Give Us a Break, It's Summer! 08/11/23

Over the years we’ve brought you comics on topics like political correctness, forgetting why you walked into a room, parenthood, grandparenthood, marriage, divorce, bad dates, kids moving out of the house, etc. So this week we decided to take a page out of the Seinfeld playbook and write about…nothing. Yep, an ice cream truck and an inattentive waitress. That’s about as nothing as you can get. Except for the waitress part. We don’t know about you, but we have noticed over the years an increasing amount of inattentiveness and/or lack of eye contact from people who are supposed to serve us. Like cashiers, grocery store shelf stockers, restaurant hosts and hostesses, maitre d’s, you name it. Well, you don’t have to name it. We just did. There are a number of possibilities for this, some more painful than others. One is that young people (like the above-named workers) tend to ignore older people (like a lot of our audience, and us). Many years ago, we did a comic based on an actual incident that happened to a friend of mine who shall go nameless. He tried to chat up the hostess so that she’d seat his foursome, after they had been waiting at the bar for some interminable time. Upon approaching the hostess, she said, “Let me see…” and as she ran her finger down the list of guests, she stopped at the following description, “Bald guy, glasses, 4.” Then she turned to my friend who shall still go nameless and said, “You’re the next party of 4.” This is how she saw him. Ouch. It’s almost as bad as being called “Sir.” “Sir” is just another name for “old guy.” “Right this way, sir” is not what I want to hear when I’m being led to a table by a young woman. How about, “Over here, hot stuff,” or something like that?

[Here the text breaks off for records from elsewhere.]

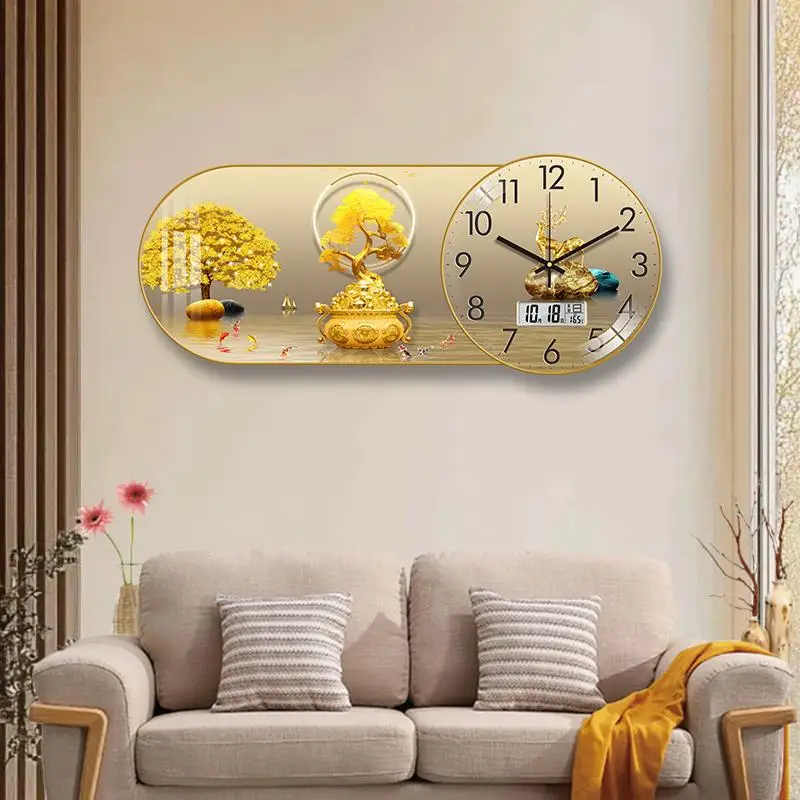 

Multi Functional Digital Clock Battery Powered Aesthetics Design Digital Clock Classic Style Reloj De Pared Decorativo Room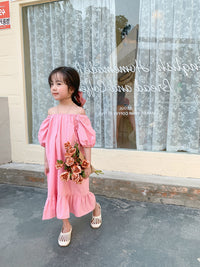Load image into Gallery viewer, Baby Kid Girls Solid Color Dresses Wholesale 230227705
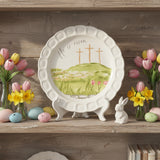 He Is Risen Cross Plate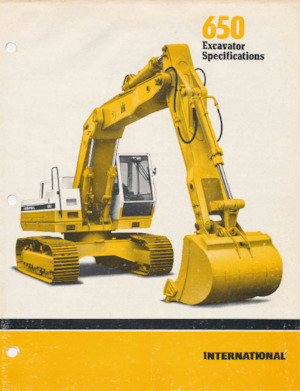 Escavatori cingolati International Harvester 650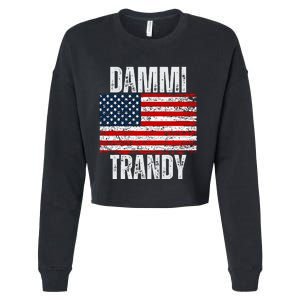 Dammit Randy Funny Cropped Pullover Crew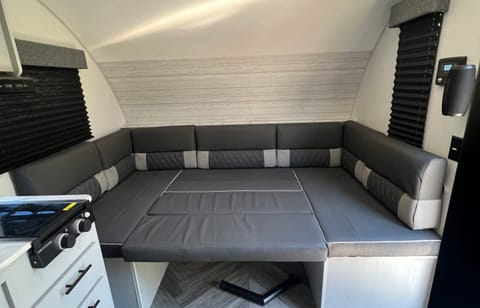 Dinette converted to sleeper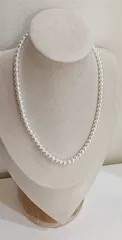 ホワイト貝パール ネックレス ゴールド留め具付き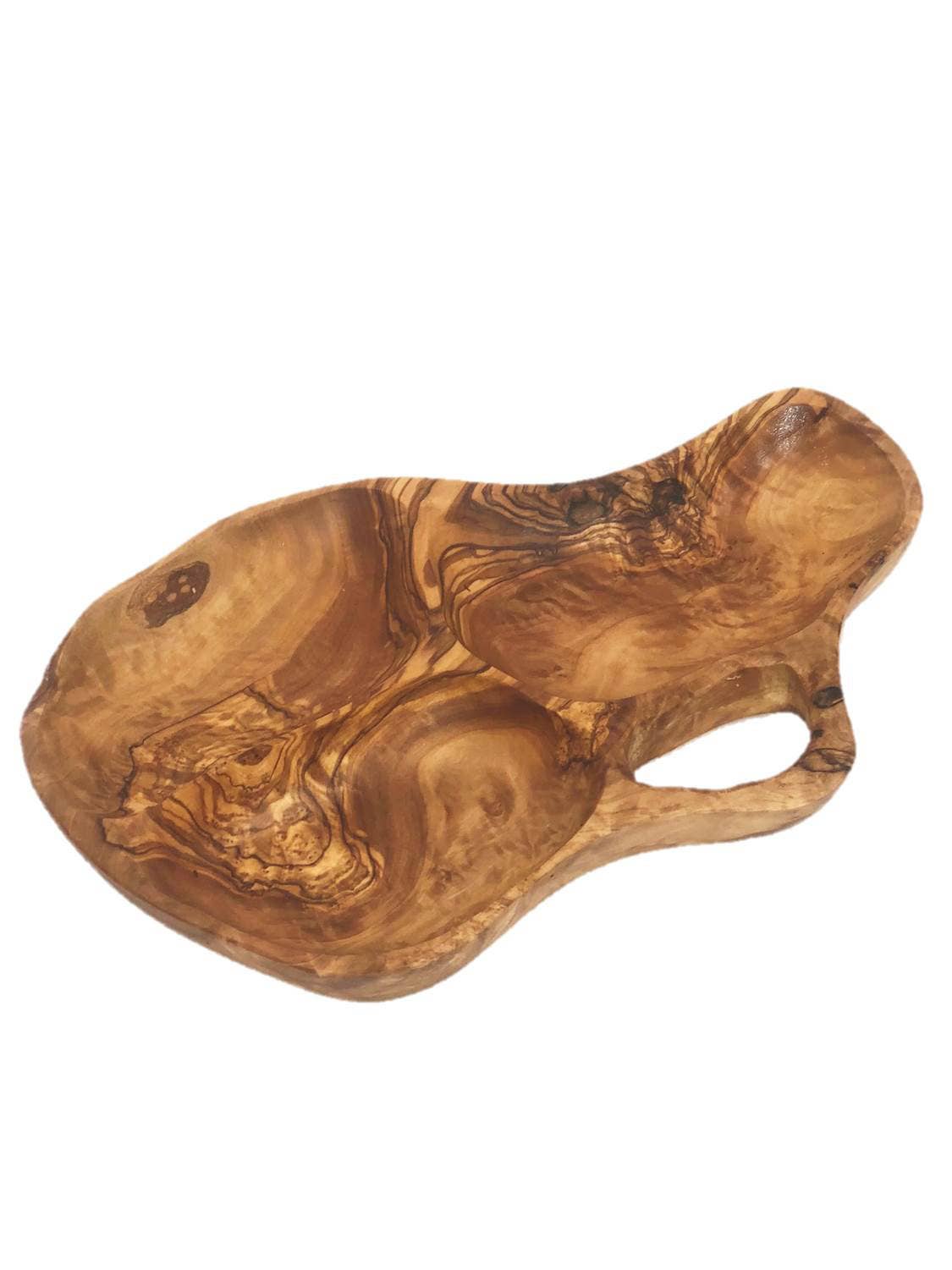 Olive Wood Appetizer Tray: 12"-14" - Edwina Alexis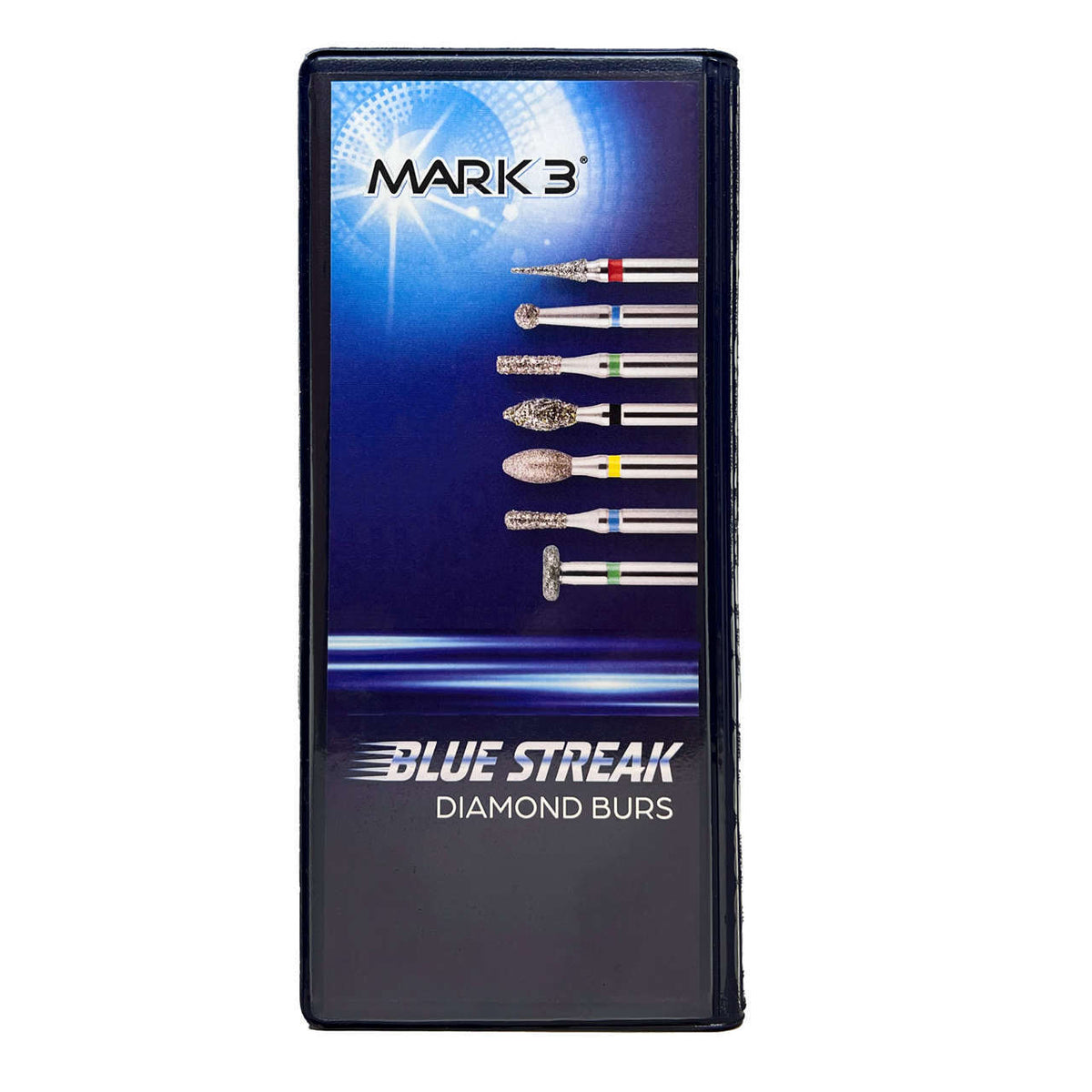 Blue Streak Diamond Burs Wallet 132/pk. - MARK3®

So that is one possibility for the lack of eye contact. The other is something I like to refer to as “millennial indifference,” or “MI.” This certainly does not apply to all millennials, but it’s still a generational trait. You approach a cashier and they say, “$49.95,” without ever making eye contact. Or they answer a question by saying “aisle 4,” while pointing to it but not ever once making eye contact with you. Or my favorite, you go the grocery store and the cashier not only doesn't help you pack your recyclable grocery bags, he or she hands over the receipt without once registering where your hand is to receive said receipt. I have a method for dealing with this particular slight. I simply stand there, holding my grocery bag open, without reaching for the receipt, until the cashier is forced to make eye contact. Then I politely say, “Will you put it in the grocery bag please?” This is a technique I like to call “the silent schmuck.” It’s when you say a sentence and leave the word “schmuck” off the end. Example, “Have you seen my glasses?” And the answer, a classic silent schmuck, is “Uhh they’re right on top of your head…” fill in the blank.

Our other effort about nothing this week is about paying too much. In other words, sticker shock. Try going out for sushi in the Hamptons some time. But in this case it’s about a friend you used to know from work, trying his or her hand at something else. It’s one thing that Al has become successful at running his Pizza-on-a-Stick franchise and quite another when his friend charges him almost $50 bucks for a couple ice cream cones. But hey, at least the friend made great eye contact.